Fake ransomware decryptor installs additional ransomware

(Image credit: Image Credit: Christiaan Colen / Flickr)

What’s worse than suffering a ransomware attack? Having your already encrypted files encrypted again, by a completely different ransomware. This is exactly what happens to victims of a fake STOP Djvu ransomware decrpytor, currently circulating online.

As discovered by ransomware hunter Michael Gillespie, the fake decryptor is being advertised as a solution to a STOP Djvu infection, but instead subjects victims to a further ransomware attack.

According to Bleeping Computer, STOP Djvu ransomware is extremely pervasive, infecting more people every day than the biggest players (Maze, REvil, Netwalker and DoppelPaymer) combined. The reason it hasn’t received proportional media coverage is because it targets individuals, as opposed to enterprises.

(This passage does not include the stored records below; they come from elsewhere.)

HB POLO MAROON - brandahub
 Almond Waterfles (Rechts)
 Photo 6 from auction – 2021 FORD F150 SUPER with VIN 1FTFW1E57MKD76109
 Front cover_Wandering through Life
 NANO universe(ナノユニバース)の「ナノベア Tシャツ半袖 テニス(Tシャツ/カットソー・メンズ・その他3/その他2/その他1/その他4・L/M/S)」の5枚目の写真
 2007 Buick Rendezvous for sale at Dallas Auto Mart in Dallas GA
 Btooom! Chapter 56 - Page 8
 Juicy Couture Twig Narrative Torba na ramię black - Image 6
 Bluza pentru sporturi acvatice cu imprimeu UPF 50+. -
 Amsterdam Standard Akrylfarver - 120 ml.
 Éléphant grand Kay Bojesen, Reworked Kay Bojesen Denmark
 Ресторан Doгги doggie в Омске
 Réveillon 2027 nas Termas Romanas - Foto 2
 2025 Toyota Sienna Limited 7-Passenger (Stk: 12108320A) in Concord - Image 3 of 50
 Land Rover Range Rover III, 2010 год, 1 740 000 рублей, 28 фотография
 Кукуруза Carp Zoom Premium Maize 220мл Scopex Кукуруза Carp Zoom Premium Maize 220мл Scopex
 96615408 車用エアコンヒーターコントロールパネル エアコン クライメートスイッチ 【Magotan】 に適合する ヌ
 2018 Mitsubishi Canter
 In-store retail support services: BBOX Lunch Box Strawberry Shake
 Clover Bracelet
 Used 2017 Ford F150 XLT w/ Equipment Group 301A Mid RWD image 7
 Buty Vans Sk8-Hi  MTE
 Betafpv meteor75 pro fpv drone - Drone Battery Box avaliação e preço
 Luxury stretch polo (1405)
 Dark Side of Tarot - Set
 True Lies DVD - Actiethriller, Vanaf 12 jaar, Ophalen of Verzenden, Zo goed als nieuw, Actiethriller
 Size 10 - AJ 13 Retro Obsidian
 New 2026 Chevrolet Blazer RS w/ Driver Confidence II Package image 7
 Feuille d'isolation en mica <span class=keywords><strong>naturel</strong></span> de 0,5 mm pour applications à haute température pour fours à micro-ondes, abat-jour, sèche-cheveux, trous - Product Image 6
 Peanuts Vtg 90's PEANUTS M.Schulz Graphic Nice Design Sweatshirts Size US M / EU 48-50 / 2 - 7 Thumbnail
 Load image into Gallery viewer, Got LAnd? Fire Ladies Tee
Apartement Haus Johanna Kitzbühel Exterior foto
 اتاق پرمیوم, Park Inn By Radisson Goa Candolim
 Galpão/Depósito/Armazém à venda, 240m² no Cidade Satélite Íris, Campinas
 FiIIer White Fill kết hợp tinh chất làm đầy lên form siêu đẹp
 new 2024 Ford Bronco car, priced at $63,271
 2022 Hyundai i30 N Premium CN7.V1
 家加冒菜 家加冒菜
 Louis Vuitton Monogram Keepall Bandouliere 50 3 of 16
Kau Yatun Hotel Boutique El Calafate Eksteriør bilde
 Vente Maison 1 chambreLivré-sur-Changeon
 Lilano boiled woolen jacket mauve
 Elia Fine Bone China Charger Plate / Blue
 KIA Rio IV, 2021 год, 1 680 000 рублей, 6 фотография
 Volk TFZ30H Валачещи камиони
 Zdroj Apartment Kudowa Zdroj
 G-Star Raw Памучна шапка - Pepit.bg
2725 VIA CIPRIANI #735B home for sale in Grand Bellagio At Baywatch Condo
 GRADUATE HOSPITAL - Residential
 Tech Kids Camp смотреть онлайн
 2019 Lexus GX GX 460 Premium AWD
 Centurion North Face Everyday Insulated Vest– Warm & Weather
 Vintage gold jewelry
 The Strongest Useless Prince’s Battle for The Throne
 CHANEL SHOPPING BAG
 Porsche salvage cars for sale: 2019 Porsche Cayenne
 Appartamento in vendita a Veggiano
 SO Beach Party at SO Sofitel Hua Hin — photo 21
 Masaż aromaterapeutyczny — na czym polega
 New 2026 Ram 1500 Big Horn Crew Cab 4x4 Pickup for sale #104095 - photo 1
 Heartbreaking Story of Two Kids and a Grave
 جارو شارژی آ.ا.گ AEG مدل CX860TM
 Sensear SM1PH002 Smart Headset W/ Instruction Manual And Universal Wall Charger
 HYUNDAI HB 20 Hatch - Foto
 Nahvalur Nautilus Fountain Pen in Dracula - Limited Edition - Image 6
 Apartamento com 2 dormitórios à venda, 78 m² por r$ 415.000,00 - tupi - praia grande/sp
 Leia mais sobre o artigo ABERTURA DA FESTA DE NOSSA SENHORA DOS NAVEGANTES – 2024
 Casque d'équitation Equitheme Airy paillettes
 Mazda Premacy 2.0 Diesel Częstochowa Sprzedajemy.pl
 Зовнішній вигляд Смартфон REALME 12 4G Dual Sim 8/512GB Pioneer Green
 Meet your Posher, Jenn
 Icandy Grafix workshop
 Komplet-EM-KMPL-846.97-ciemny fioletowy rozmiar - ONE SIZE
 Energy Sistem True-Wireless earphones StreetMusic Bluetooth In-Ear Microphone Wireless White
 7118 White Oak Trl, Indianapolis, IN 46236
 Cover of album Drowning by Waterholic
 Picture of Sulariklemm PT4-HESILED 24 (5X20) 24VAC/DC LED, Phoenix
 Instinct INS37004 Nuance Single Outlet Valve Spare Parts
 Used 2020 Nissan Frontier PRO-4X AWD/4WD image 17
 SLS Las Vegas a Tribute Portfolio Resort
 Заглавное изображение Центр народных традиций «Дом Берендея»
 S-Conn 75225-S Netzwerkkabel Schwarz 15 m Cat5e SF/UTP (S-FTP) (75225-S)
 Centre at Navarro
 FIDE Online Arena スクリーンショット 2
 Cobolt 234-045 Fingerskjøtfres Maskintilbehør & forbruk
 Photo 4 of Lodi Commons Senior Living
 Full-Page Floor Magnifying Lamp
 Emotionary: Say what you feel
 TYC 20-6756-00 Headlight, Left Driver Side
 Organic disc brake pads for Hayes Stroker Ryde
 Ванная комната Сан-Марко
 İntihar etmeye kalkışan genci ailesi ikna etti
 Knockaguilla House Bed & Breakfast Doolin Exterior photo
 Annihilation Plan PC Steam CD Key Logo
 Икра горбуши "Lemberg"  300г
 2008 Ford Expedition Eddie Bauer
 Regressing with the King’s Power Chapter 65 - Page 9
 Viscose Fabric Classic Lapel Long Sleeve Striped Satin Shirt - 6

The secondary infection is brought about by STOP Djvu victims searching the web for a free decryptor, likely motivated by the fact that free decryptors were published for earlier iterations.

After downloading and running the fake decryptor and clicking on the "Start Scan" button, the program runs another executable (crab.exe), which infects the machine with Zorab ransomware.

At the moment, there is no free decryptor for Zorab, and victims are advised to wait until the malware has undergone analysis.